## Exercise input
= Beginning of Section =

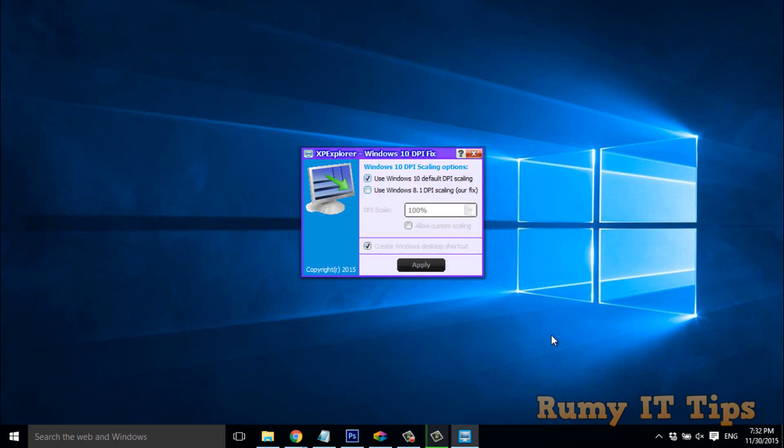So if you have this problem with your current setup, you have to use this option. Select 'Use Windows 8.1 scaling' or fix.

= End of Section =
= Beginning of Section =

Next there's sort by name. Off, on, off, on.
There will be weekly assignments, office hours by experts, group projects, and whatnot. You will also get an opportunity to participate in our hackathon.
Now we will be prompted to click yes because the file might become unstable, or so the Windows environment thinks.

= End of Section =

Search the entries for lines with the string "will", then report their number alone.

2